# [Excerpted data]
********************

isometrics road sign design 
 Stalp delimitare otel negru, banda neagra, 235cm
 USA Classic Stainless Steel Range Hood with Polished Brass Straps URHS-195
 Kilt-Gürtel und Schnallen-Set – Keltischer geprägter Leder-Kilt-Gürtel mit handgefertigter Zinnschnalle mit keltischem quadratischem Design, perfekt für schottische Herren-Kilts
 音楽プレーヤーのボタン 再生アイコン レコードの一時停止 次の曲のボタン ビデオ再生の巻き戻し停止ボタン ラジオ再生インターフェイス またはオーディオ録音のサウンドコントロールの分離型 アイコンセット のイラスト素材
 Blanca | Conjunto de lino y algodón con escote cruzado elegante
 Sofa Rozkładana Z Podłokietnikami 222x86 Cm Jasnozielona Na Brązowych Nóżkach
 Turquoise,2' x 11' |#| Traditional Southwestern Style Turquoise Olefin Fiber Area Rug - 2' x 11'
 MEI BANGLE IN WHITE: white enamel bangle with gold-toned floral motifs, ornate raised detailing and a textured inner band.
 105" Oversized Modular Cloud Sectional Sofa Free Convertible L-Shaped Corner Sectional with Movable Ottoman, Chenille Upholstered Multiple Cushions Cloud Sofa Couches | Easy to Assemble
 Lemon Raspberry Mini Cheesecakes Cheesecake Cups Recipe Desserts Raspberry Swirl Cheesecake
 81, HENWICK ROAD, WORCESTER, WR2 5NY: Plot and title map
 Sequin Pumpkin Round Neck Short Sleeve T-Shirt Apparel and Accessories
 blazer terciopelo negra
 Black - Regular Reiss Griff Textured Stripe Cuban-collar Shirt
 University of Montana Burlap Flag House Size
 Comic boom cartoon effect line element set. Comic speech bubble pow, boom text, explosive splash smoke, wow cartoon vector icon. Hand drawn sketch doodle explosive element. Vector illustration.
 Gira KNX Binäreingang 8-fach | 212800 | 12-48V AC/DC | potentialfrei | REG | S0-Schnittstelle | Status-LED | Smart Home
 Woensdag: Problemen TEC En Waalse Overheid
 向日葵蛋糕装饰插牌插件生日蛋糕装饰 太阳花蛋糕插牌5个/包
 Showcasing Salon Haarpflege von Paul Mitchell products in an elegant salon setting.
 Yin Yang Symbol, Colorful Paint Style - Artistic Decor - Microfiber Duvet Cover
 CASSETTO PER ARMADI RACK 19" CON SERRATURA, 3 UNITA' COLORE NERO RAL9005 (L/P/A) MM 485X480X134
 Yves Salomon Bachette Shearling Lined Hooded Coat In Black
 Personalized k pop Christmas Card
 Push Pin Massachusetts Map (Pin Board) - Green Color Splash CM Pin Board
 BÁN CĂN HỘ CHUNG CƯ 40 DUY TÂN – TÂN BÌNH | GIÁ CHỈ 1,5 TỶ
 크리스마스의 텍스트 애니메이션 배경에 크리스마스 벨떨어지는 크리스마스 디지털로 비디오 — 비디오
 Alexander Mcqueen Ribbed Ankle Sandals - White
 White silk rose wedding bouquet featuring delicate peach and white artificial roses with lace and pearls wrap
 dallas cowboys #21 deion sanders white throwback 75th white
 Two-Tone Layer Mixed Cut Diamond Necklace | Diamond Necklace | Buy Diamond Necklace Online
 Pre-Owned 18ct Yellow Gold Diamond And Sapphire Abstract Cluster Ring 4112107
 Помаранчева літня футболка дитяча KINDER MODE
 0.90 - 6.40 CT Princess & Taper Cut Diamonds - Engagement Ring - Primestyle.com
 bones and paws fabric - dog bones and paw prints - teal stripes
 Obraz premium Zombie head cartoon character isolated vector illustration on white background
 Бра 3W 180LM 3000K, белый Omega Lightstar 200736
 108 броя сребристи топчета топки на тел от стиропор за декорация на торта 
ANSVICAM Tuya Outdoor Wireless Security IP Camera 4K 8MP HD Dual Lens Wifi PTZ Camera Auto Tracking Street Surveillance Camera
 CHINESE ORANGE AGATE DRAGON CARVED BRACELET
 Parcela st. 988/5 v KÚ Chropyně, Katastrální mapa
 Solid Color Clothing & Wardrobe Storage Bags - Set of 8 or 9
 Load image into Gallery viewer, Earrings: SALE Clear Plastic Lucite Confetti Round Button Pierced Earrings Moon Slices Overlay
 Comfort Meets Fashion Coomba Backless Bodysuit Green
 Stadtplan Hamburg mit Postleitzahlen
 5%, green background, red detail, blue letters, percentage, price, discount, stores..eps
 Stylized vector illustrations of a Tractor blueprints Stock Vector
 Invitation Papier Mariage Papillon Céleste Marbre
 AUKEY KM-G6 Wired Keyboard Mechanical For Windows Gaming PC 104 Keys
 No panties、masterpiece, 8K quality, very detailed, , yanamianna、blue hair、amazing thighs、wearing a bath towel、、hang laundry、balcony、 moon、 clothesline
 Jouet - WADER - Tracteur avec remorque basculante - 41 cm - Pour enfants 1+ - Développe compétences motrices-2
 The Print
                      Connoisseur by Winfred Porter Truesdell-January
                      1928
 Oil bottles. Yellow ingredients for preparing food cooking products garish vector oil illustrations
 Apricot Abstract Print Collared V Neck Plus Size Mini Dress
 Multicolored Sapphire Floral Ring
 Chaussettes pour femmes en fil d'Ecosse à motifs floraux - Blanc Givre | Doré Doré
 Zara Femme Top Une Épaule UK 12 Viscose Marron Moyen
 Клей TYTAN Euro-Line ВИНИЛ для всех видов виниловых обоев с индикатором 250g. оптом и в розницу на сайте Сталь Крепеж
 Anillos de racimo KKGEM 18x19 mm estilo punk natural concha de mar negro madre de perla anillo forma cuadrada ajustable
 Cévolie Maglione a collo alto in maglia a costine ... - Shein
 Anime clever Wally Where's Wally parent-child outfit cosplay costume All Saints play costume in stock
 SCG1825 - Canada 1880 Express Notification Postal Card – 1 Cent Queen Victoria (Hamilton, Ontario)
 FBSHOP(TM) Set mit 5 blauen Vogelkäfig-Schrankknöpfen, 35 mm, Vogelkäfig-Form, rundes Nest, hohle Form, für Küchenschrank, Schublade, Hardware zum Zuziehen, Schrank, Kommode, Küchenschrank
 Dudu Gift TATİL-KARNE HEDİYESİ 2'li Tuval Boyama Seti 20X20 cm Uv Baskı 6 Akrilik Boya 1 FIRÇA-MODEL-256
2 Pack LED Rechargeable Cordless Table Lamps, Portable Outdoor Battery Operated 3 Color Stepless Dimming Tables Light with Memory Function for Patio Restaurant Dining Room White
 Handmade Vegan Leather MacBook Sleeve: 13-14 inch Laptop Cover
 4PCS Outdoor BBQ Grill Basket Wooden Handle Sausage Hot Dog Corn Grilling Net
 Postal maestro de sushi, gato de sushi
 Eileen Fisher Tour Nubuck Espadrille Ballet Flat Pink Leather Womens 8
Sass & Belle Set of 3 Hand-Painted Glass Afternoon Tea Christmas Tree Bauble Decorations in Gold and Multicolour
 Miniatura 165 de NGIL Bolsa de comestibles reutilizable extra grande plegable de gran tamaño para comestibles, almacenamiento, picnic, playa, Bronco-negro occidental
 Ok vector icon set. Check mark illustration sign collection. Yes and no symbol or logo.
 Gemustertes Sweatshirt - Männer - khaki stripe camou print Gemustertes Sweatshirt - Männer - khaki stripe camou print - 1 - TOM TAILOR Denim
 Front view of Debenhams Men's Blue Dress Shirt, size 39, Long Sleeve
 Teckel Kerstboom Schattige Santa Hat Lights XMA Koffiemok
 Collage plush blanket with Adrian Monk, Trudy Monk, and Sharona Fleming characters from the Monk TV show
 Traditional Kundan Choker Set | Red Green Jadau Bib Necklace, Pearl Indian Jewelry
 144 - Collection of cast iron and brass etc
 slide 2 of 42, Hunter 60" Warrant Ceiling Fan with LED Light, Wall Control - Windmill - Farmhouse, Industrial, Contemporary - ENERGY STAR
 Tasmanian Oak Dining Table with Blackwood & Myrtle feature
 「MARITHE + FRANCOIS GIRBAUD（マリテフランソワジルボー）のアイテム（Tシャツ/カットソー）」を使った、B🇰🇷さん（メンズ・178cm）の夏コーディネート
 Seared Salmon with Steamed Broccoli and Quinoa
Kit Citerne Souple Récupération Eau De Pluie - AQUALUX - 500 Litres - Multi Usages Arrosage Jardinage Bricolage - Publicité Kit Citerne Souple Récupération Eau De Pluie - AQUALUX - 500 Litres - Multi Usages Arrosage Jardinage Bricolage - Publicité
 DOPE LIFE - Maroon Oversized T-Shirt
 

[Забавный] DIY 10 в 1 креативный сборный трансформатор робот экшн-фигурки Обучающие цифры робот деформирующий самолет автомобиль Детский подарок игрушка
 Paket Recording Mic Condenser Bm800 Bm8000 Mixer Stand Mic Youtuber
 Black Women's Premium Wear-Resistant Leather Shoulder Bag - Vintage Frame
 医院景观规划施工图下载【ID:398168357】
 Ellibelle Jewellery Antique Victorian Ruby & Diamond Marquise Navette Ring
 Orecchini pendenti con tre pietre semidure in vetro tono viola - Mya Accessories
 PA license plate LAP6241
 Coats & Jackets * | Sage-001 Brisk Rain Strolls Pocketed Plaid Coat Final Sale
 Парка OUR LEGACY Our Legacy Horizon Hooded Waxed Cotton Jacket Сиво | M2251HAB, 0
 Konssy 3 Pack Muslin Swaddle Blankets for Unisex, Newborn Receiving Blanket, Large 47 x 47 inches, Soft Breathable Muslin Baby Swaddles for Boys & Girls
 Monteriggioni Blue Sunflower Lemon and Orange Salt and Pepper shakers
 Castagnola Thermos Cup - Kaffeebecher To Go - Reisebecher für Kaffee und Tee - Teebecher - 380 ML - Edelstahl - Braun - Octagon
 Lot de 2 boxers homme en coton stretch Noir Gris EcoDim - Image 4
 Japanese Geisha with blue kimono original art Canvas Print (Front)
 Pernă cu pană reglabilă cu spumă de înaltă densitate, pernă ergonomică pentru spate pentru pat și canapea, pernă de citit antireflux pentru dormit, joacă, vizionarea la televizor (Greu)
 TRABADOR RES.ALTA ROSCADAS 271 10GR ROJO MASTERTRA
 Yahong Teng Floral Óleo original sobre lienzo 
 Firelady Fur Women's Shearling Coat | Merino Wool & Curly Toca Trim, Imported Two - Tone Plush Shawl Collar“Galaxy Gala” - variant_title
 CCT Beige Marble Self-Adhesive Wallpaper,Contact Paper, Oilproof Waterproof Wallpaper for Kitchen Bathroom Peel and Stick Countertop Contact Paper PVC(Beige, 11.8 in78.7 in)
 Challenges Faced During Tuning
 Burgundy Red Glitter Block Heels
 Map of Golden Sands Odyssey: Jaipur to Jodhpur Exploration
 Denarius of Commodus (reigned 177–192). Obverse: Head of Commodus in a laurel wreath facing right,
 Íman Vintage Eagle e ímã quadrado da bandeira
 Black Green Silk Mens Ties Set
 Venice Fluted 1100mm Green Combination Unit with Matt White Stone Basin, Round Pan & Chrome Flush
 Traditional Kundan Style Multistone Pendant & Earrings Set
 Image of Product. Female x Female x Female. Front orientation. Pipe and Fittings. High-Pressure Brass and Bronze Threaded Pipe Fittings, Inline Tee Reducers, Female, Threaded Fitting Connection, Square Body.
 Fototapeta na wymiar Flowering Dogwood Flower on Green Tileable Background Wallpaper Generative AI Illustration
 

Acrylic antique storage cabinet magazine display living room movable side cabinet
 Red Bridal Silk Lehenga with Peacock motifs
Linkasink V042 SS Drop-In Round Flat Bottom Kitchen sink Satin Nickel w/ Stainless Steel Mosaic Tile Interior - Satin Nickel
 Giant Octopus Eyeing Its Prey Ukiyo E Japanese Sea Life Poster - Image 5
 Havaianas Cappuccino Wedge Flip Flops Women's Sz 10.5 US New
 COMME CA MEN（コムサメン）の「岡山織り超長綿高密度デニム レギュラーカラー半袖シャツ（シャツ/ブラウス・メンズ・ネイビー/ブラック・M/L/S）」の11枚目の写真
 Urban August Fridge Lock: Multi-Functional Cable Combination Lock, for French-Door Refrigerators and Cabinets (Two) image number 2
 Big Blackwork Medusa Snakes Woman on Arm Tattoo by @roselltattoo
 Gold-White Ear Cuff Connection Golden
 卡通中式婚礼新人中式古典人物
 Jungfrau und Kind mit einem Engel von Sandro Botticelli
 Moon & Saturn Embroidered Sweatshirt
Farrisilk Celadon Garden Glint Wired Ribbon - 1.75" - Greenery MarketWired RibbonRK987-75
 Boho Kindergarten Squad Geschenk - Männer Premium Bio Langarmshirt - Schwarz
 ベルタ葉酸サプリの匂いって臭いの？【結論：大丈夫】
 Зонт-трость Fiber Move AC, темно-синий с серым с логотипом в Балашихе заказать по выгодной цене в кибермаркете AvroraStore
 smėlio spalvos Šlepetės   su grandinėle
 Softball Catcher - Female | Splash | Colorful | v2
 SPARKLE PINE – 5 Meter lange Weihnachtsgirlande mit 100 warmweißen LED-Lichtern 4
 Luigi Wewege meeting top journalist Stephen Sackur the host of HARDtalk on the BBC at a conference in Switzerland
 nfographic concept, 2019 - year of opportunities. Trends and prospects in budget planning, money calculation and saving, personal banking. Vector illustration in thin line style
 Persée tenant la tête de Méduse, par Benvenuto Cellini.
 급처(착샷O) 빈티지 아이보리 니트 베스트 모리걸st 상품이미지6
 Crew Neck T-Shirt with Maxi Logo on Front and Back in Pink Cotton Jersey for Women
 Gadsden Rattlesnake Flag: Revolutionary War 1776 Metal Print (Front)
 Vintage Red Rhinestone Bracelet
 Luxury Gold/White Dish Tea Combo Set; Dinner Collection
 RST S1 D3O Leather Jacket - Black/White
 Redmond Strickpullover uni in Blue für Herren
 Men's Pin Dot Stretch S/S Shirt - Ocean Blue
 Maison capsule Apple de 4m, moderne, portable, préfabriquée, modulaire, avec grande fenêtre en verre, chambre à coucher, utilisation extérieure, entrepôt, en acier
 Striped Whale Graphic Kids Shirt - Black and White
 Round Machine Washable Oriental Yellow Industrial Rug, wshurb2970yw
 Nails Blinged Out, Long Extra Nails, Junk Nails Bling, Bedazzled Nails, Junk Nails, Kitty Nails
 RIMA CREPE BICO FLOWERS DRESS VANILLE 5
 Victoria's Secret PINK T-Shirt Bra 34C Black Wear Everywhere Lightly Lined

********************

Please reproduce, exactly as they appear above, the lines from the line containing "크리스마스의 텍스트 애니메이션" up to and including the line containing "108 броя сребристи".

# [Output for this exercise]
 크리스마스의 텍스트 애니메이션 배경에 크리스마스 벨떨어지는 크리스마스 디지털로 비디오 — 비디오
 Alexander Mcqueen Ribbed Ankle Sandals - White
 White silk rose wedding bouquet featuring delicate peach and white artificial roses with lace and pearls wrap
 dallas cowboys #21 deion sanders white throwback 75th white
 Two-Tone Layer Mixed Cut Diamond Necklace | Diamond Necklace | Buy Diamond Necklace Online
 Pre-Owned 18ct Yellow Gold Diamond And Sapphire Abstract Cluster Ring 4112107
 Помаранчева літня футболка дитяча KINDER MODE
 0.90 - 6.40 CT Princess & Taper Cut Diamonds - Engagement Ring - Primestyle.com
 bones and paws fabric - dog bones and paw prints - teal stripes
 Obraz premium Zombie head cartoon character isolated vector illustration on white background
 Бра 3W 180LM 3000K, белый Omega Lightstar 200736
 108 броя сребристи топчета топки на тел от стиропор за декорация на торта 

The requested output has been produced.